Non è vero che in Israele non c'è piena libertà di culto ed accesso ai luoghi santi: basta andarci per scoprire che la libertà c'è e che solo adesso, sotto la sovranità israeliana e mai prima, sotto la sovranità inglese prima e Giordana poi, è stato sempre garantito l'accesso ai luoghi sacri delle tre religioni monoteiste e rispettata la sacralità di detti luoghi (durante l'occupazione giordana invece furono fatte costruire delle latrine nei pressi del Muro del pianto con lapidi di cimiteri ebraici). Ecco la "Legge sulla protezione dei luoghi santi" del 1967:
1. I Luoghi Santi saranno protetti dalle profanazioni e da ogni altra violazione, e verrà assicurata la libertà di accesso ai fedeli delle varie religioni.
2. (a) Chiunque profani o comunque violi un Luogo Santo è passibile di reclusione per un periodo di sette anni.
(b) Chiunque compia azioni atte a violare la libertà di accesso dei membri delle varie religioni ai luoghi sacri ad essi o ai loro sentimenti nei confronti di quei luoghi, sarà passibile di reclusione per un periodo di cinque anni.
3. Questa legge completerà gli esistenti legislativi e non sarà in deroga ad alcuno di essi.
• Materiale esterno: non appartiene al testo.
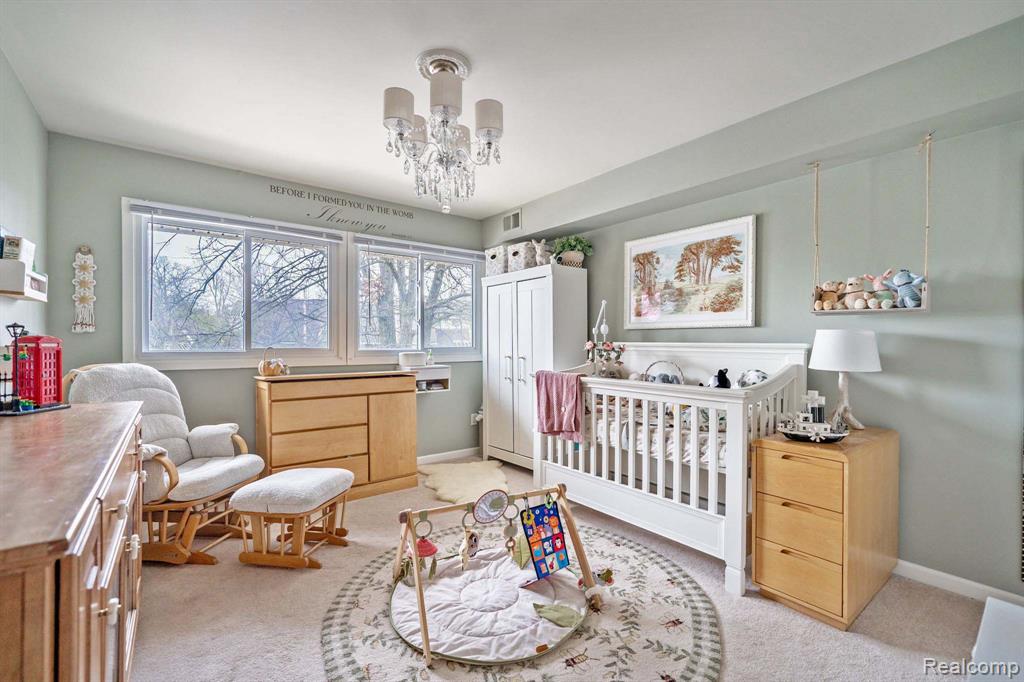 2798 Davison Avenue, Auburn Hills, MI 48326 — Photo 18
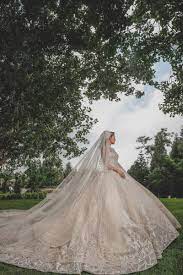 While many brides globally may also opt for a white wedding gown for a modern touch, traditional ceremonies, like tea ceremonies and. Elie Saab Designed The Most Beautiful Wedding Dress For His Daughter In Law Glamour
4. Il Ministero per gli Affari Religiosi è incaricato dell'attuazione di questa legge e potrà, dopo consultazioni o proposte dei rappresentanti delle religioni interessate, e con il consenso del Ministero di Giustizia, emanare regolamenti riguardo la sua applicazione.
5. Questa legge entrerà in vigore alla data della sua adozione da parte della Knesset.
Ad Israele viene sempre riservata un'attenzione tutta particolare. Il rabbino Giuseppe Laras ha detto: "Una critica morale, che aspiri ad essere seria e costruttiva, deve poter coinvolgere nella propria analisi non solo parti e frammenti di un fenomeno, ma il fenomeno stesso nella sua compiutezza e generalità. Da qualche parte si tenta di giustificare questo rigore moralistico, questa sorta di spietata severità nei confronti di Israele, invocando la particolare dimensione spirituale d'Israele. Ma perché tutto questo interesse per l'anima di Israele? Israele non è l'unico a possedere un'anima. Tutti gli uomini ce l'hanno. Anche gli arabo-palestinesi hanno un'anima. Però quando nel 1982 il governo siriano ordinò di soffocare la rivolta musulmana di Hana, massacrando 20.000 persone, il mondo non si indignò" né si è indignato recentemente per le manifestazioni di palestinesi - a sostegno alla nuova Intifada - in Giordania ed in Egitto, soffocate nel sangue dai rispettivi governi.